Harmony

I only knew a small part of Harmony. I didn’t know him as a child when he answered to a different name and hadn’t found his true one yet. I didn’t know him as a teenager or young man or before he lost his short-term memory.

I only knew him as the person who came into my sister’s life and never left.

He was the one who apologized when I first met him, telling me he wouldn’t remember me the next time we met. But that eventually, when I had been in his life long enough, I would enter his long-term memory. That was a wonderful day. It felt like becoming family.

I didn’t know Harmony as a father, and have only recently met his sons. But I knew him as the music in my sister’s life.

She and I would be visiting, non-stop sister words and laughter and stories. Harmony would pull out a guitar or dulcimer and there would be soft music flowing behind our stories.

I knew Harmony as a person of giving. But like his music, softly, unobtrusive, in the background. When a visit was over and I’d go to the car, there would be a little paper bag of homemade soap tucked between the seats. Once there was a box of apricots. And of course there was the repurposed cardboard orange juice container with soil and worms for my fledgling compost bin, inspired by his.

I knew Harmony as a reader, a storyteller, a person who could talk about experiences hitchhiking across the United States (twice), about world religions, about music, about books, about peace, and of course, about harmony and balance.

I only saw him angry once. And that was towards the end of the story – or maybe the beginning – when he was mad at himself and blaming himself for what my sister was going to face in the weeks and months ahead as his transition began.

The same thing those of us who knew him face today. The loss of music. The loss of stories. And most of all, the loss of Harmony. I hope one day we’ll meet again out there somewhere and hear his music. And I hope he’ll remember me. It will feel like family.

Grief and Time

This month Sam Grafton’s family will mark his 30th birthday. Three years have passed since he left us.

Three years. That’s such a strange thing to wrap my head around. In some ways it was just yesterday when the call came, and in other ways it’s been an eternity since his family’s world was shattered into billions of bright, sharp points of heartbreak.

In some ways it was just last week that he was a baby rocked in the arms of a friend at the edge of the river.

It was just yesterday that he sat on his mom’s lap and turned his face from me when I was trying to practice doing an evaluation on a toddler.

It was just a few minutes ago when my husband took him in a raft down the Wenatchee River. It was just an hour ago that he and I talked about the test for his driver’s license.

How does life go by so fast? Everyone tells you to treasure the time you have, but we of course don’t. We get caught up in day-to-day work and chores and responsibilities. We get impatient and frustrated and irritable…and then the time is gone. And then the person is gone.

It takes conscious effort to slow down and remember to value those around us. And in the meantime, the whirlwind of time flies by.

Three years.

Compared to life on this planet, that’s not even a miniscule particle.

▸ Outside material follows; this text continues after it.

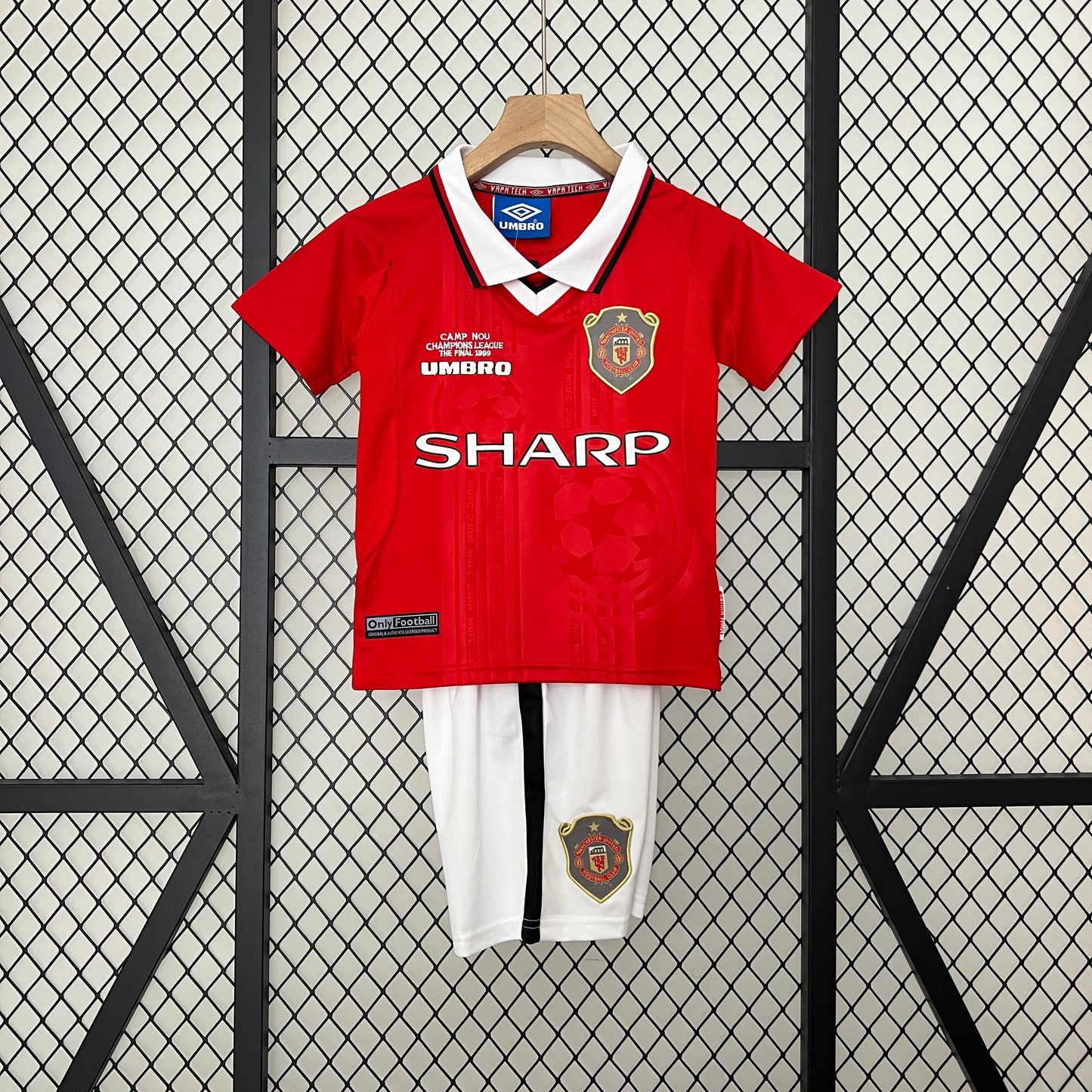 CAMISETA MANCHESTER UNITED I 99/00 KIT PARA NIÑOS (RETRO)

Compared to being without someone, it’s an eternity.

So.

1,095 days without Sam in our lives. 26,280 hours since all those tiny candle flames lit up the bridge over the river so his spirit could find his way home in the mountain dark.

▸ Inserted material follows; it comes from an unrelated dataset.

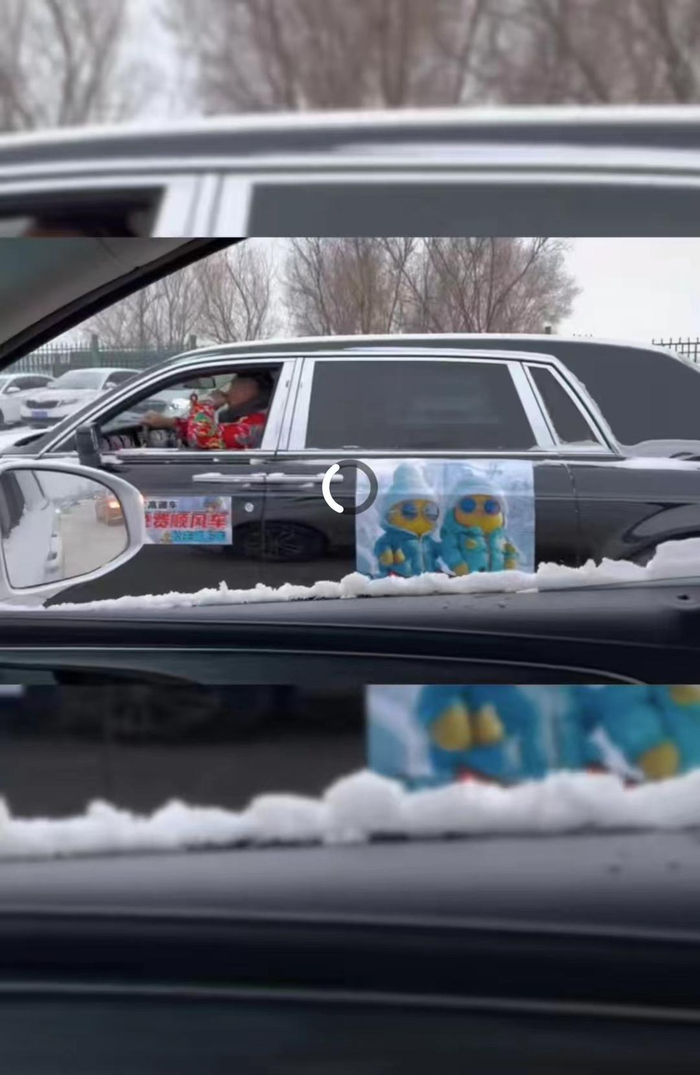 ▲刘先生车队免费接送游客的视频截图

I wish I could shape time for those I love, those he left behind. Speed it up or slow it down, or simply ease its passage. But like the river that took Sam, time keeps just flowing around us and we are powerless in its current.

For his mother, who swims those currents, I hope that river holds you in its flow and that you find beauty in its depths and healing in its passage.

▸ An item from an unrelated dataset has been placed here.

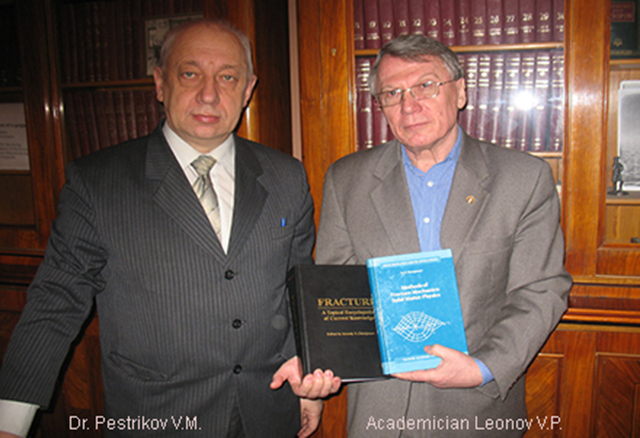 Dr. Cherepanov donating books to the Russian Academy of Sciences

Wherever you are, Sam, it’s the time we mark your birth, your arrival into our lives. No matter how much time passes, we are grateful for the years the universe granted us, and I’m sorry we took that time for granted.

I wanted to hug you, Sam, that last day I saw you, but I was afraid of embarrassing you in front of your friends. I will always regret that decision, no matter how much time passes.

Universal Sadness

It’s funny how the universe tosses things to you in lumps, almost as if somewhere, someone is saying ‘the theme for this week is going to be…’.

Sometimes it’s things like dishwashers. You know – you make the mistake of pricing a dishwasher online and suddenly all your feeds are filled with ads for dishwashers. And every delivery truck you pass on the road is carrying boxes of dishwashers. You see them everywhere for a week or so and then they’re gone, as if people quit buying dishwashers.

It’s like that when you’ve lost someone, too. There are universe themes where, for several days, you seem to see them everywhere you look.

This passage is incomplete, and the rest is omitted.